Voyez-vous combien saint Paul admire la foi du saint patriarche? Dieu lui a dit, remarque-t-il, qu'Isaac seul continuera sa race; et ce fils, il l'offre en sacrifice. Mais peut-être va-t-on s'écrier qu'il fait là un acte de désespoir, et qu'en exécutant cet ordre, il abjure sa foi ? Non, car l'apôtre nous enseigne que la foi lui inspire ce courage ; il nous répète qu'il ne cesse d'avoir foi à cette seconde prophétie de Dieu, bien qu'elle partit contredire une prophétie précédente. Cette contradiction, en effet, n'existait pas. Abraham qui ne mesurait pas la puissance de Dieu sur les raisonnements humains, s'en rapportait eu tout à la foi seule. Aussi saint Paul n'a pas craint de dire que le patriarche supposait à Dieu assez de puissance pour ressusciter un mort.
« Et ainsi », conclut-il, «Isaac lui fut rendu comme en figure ». Et comment? c'est qu'un bélier fut immolé, et Isaac sauvé. Il le retrouva donc, grâce à ce bélier qu'il sacrifia en sa place.
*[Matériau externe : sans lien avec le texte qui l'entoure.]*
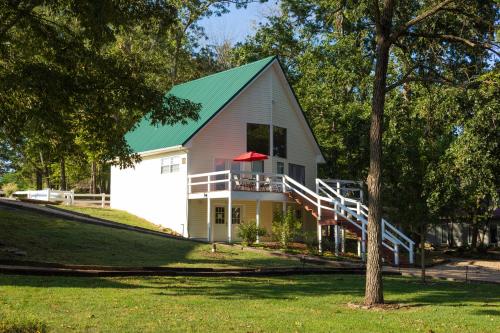 a white house with a green roof and a porch at River Ridge Inn in Norfork
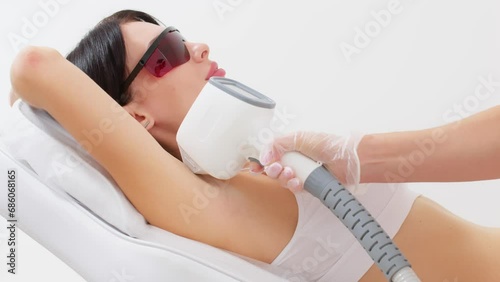 Hair removal-depilation. A young woman undergoes a laser hair removal procedure, close-up. Dermatology, photorejuvenation. Cosmetic clinic. Laser hair removal. photo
Tout cela était une figure prophétique du Fils de Dieu qui a été immolé pour nous.
Or, considérez avec moi la bonté infinie de Dieu. ! s'agissait de donner aux hommes une grâce admirable; Dieu n'en veut pas faire le don à titre gratuit, il préfère paraître acquitter une dette. Il détermine donc l'homme à sacrifier son fils, pour le bon plaisir de Dieu, afin de n'avoir pas l'air, ce grand Dieu, de faire beaucoup, lorsqu'il livrera, lui aussi, son Fils adorable; de sorte que l'homme lui ayant donné l'exemple le premier, Dieu ne semble plus faire une grâce, mais payer une dette . Ainsi agissons-nous, nous aussi, à l'égard de nos amis : nous voulons recevoir d'eux n'importe quel présent, pour avoir le droit de leur tout donner; afin d'être ainsi plus fiers d'avoir été obligés, que d'avoir été nous-mêmes généreux; aussi ne disons-nous pas alors : Je lui ai donné ceci; mais: J'ai reçu de lui tel présent.
Le patriarche, dit l'apôtre, le reçut donc en figure, le retrouva grâce à une victime représentative, par ce bélier qui était comme la figure d'Isaac; ou bien encore, il le retrouva après une mort figurée et représentée en son fils bien-aimé; car ce père étonnant avait consommé son sacrifice dans sa volonté, et, dans son coeur, avait immolé Isaac, qui lui fut rendu en récompense de ce courage.